2: Illinois (+28.5 points) vs Wisconsin, 2017
The other kind of basic bet is a spread bet. In this format, you again can choose one team or the other, but this time the odds are (usually) the same for either team and the underdog is basically given a handicap by the sports book. This handicap is the spread. In the case above, you choose what you think will be the higher number: Wisconsin’s score, or 28.5 points plus Illinois’ score. In other words, betting on Illinois +28.5 points is betting that Wisconsin will not beat Illinois by more than 28 points.
The Fighting Illini have seen some outrageously huge point spreads over the last couple of seasons, from +39.5 at Michigan in 2016 to +41.5 at Ohio State last year. On paper, undefeated No. 5 Wisconsin should be able to name their score against an Illinois team that ended up 2-10 and winless in conference. However, if you were hip to how Illinois was approaching games last year, that 28.5 point spread is a tasty bet. The Fighting Illini were trying to establish the run during this game knowing that throwing was an extremely high risk in this matchup.

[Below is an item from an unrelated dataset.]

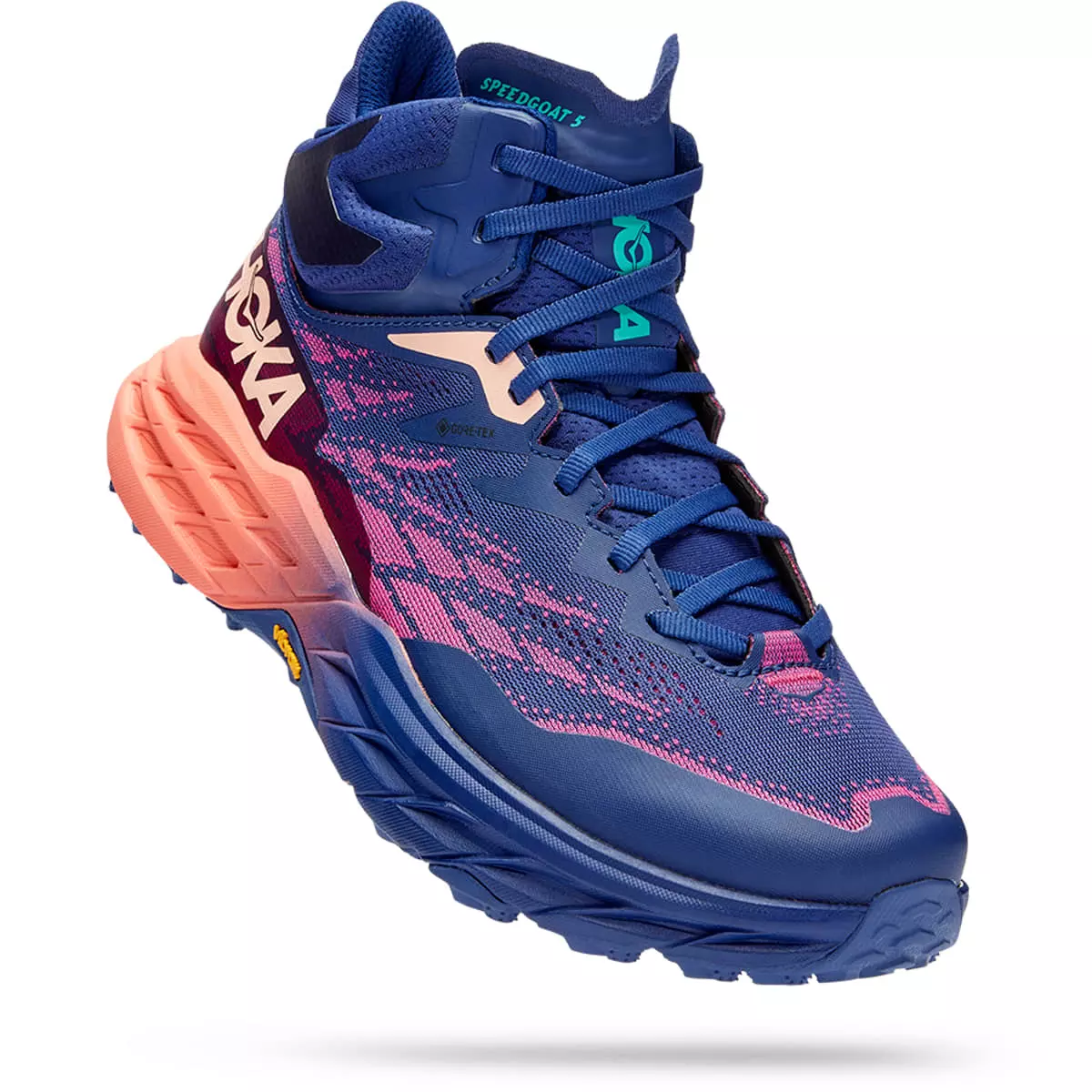 HOKA ONE ONE SPEEDGOAT 5 MID GORE-TEX W BELLWETHER BLUE/CAMELLIA 23 6 HOKA ONE ONE SPEEDGOAT 5 MID GORE-TEX W BELLWETHER BLUE/CAMELLIA 23 - immagine 4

Considering that all Wisconsin’s offense wants to do is get the lead and then sit on the ball, I thought the nature of the offensive playcalling on both sides would limit the Badgers’ ability to roll up the score.
In holding the Badgers to 24 points, Illinois guaranteed winnings for those who took this bet, while surely earning themselves some level of pride on the defensive side of the ball.

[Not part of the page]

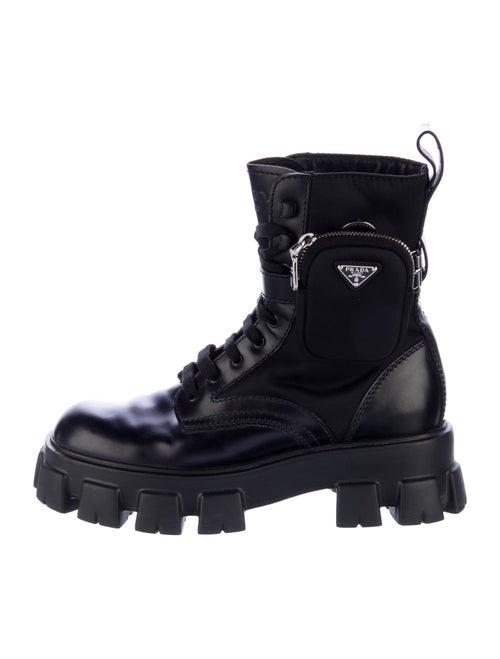 Prada Leather Lace-Up Boots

3. Illinois at Michigan, Over 58.5, 2010
Another type of bet is the Over/Under, which gives you a prediction for the combined score of the game and the choice to bet that the actual combined score will be over that number or under it. With Michigan as a 2.5 point favorite, the sports book predicted the Wolverines would win approximately 30.5-28.
The Fighting Illini of 2010 closed out October with a 44-10 thrashing of Purdue to pick up their fifth win of the year. They took a 5-3 record into Ann Arbor, where Rich Rodriguez was doing typically Rich Rodriguez-like things: putting up and giving up a lot of points. Nathan Scheelhaase and Mikel Leshoure would face off against Rod Smith’s offense, led by Denard Robinson.
Though you don’t get additional winnings for how much your over/under is correct by, I would have been fairly amused to bet over 58.5 only to see the actual total reach 132 in the 67-65 Michigan win.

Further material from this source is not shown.